A couple of hours later, Wang Fei and I went to a Beijing duck restaurant in the Qianmen district just south of the Square. Sun Chunlin, who was only in Beijing for three days, was hosting a lunch for our Southern University gang. He’d made a fortune from the road construction company in Shenzhen. Now he’d started a trading company and bought a villa by the sea in Shekou, next to the holiday mansion of the film actress Liu Xiaoqing.

Next to me was Ge You, a scrawny little guy who was always the last to get a joke. At Southern University he struck me as gauche, but he seemed a bit more confident now. He’d moved to Shenzhen after graduation and found a well-paid job in a tea company.

Sun Chunlin was talking to him. ‘My uncle has just been appointed director of the Shenzhen Transport Bureau,’ he said. ‘I can use my connection with him to win a contract to build a twenty-kilometre stretch of road.
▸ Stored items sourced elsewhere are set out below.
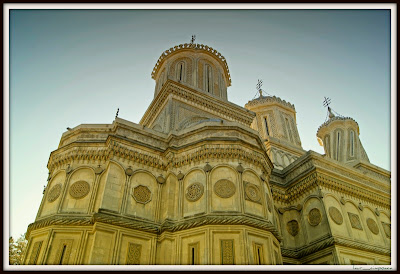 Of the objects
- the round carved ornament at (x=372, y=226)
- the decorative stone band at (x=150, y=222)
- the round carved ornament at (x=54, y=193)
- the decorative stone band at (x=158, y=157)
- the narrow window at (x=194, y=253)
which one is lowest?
the narrow window at (x=194, y=253)

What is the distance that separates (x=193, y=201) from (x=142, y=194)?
2191mm

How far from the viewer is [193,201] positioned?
42.2 feet

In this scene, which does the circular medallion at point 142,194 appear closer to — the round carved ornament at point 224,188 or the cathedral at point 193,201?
the cathedral at point 193,201

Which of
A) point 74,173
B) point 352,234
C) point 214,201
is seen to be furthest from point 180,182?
point 352,234

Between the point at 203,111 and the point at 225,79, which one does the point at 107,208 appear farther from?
the point at 225,79

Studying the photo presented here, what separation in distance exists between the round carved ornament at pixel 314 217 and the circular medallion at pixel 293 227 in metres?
0.79

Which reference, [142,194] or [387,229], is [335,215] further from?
[142,194]

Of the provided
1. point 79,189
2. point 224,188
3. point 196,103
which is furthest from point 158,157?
point 196,103

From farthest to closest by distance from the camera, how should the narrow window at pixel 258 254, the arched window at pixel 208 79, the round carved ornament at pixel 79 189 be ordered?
1. the arched window at pixel 208 79
2. the round carved ornament at pixel 79 189
3. the narrow window at pixel 258 254

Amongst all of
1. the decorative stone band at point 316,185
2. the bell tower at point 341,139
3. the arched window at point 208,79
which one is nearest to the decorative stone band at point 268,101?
the bell tower at point 341,139

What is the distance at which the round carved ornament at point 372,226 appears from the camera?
16.8 meters

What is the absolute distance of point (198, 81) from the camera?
73.8 ft

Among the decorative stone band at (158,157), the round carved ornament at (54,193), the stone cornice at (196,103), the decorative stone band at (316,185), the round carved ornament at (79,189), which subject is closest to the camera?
the round carved ornament at (79,189)

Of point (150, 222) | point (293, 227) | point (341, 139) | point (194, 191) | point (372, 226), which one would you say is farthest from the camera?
point (341, 139) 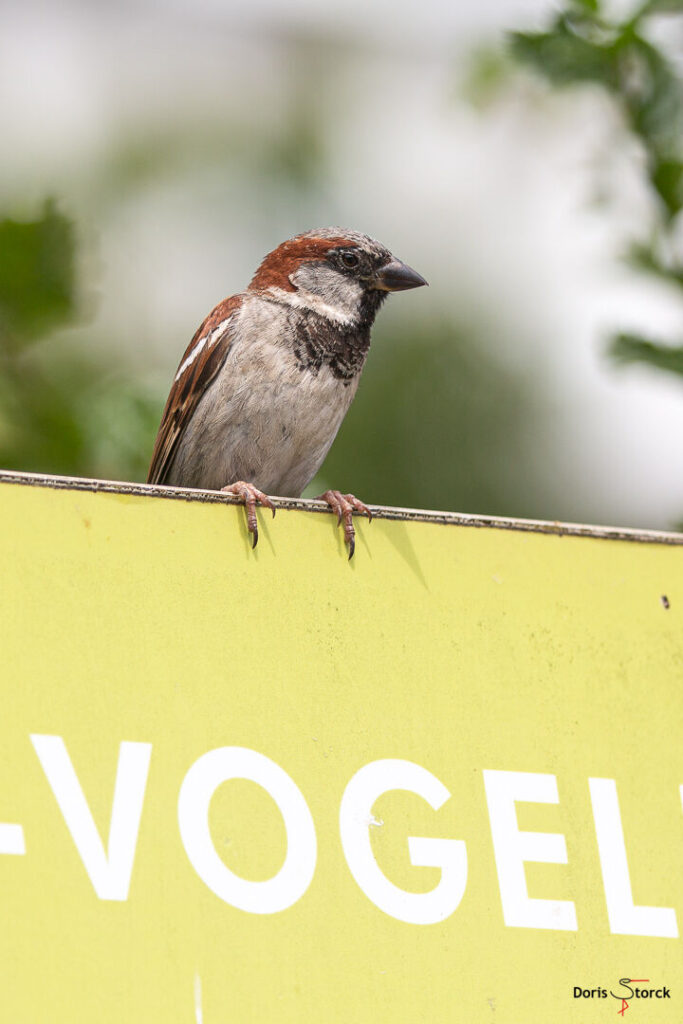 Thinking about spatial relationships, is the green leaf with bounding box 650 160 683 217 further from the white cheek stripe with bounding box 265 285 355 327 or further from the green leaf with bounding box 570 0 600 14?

If you join forces with me, I guarantee you’ll be a millionaire within two years.’

‘Really?’ Ge You said, his eyes lighting up.

Tang Guoxian arrived with Wu Bin and helped himself to a duck pancake.

‘I thought you were still on hunger strike,’ I said.

‘I’m the group leader,’ he answered. ‘If I carry on with the fast any longer, I won’t have the energy to look after everyone.’ He’d brought a group of five hundred students from Guangdong Province to join the hunger strike in Beijing.

Wang Fei took off his glasses and glared at Ge You and Sun Chunlin. ‘You Shenzhen crooks!’ he shouted. ‘The whole reason we’ve been starving ourselves to death is to sweep away corrupt scum like you!’

‘Don’t pretend you’ve been on hunger strike!’ Tang Guoxian sneered. ‘I bet you couldn’t even give up fags for an hour.’

Wu Bin had aged a lot since I’d last seen him. He had a goatee now, and his triangular eyes were less bright. He was halfway through his research fellowship at Wuhan College of Engineering. He’d arrived in Beijing that morning after Wang Fei had sent him a telegram urging him to join our movement.

The restaurant was full. The waitresses poured out tea for everyone. As soon as they heard I was a Beijing University student, they asked for my autograph. After I told them that Wang Fei was head of the Square’s propaganda office, a crowd gathered round, offering him cigarettes and shaking his hand. In this new job, he was being pestered day and night by students wanting to make suggestions about the direction our movement should take.

‘I have a great idea!’ said Wang Fei, enjoying the attention he was receiving. ‘I think our little gang here should establish a national student association.’

‘I hear you’ve hooked up with a girl who’s studying English,’ Sun Chunlin said to him. ‘What’s she thinking of, going out with a peasant like you?’

‘Fuck off!’ Wang Fei spat. He’d asked Nuwa to join us for lunch, but she’d refused. They hadn’t spoken for several days.

‘Some Shanghai students talked to our group yesterday about forming a national association,’ said Tang Guoxian. He grabbed a chicken wing from the dish that had just arrived. ‘God, I’m starving! I’m not going on another fucking hunger strike for as long as I live.’ He punched the table excitedly, just as he used to punch the walls of our dorm.

‘Yes, if we want to seize power, we must do it now,’ Wu Bin said, taking three long gulps from a beer glass.

‘You haven’t changed — still drinking from other people’s glasses!’ said Ge You, snatching his glass back.

‘You’ve been going out with that girl for a year now, and I still haven’t met her,’ Sun Chunlin said to me. ‘I hear she looks like A-Mei. How could you allow her to join the hunger strike?’

‘She looks nothing like A-Mei,’ I said, then wondered to myself whether they did in fact look alike. It had never occurred to me before.

‘I bumped into an old dorm mate of A-Mei’s on a student march in Guangzhou,’ Tang Guoxian said. ‘Shi Ye, I think her name was. She’s studying at Guangzhou Teachers’ College now. She’s planning to come up to Beijing soon.’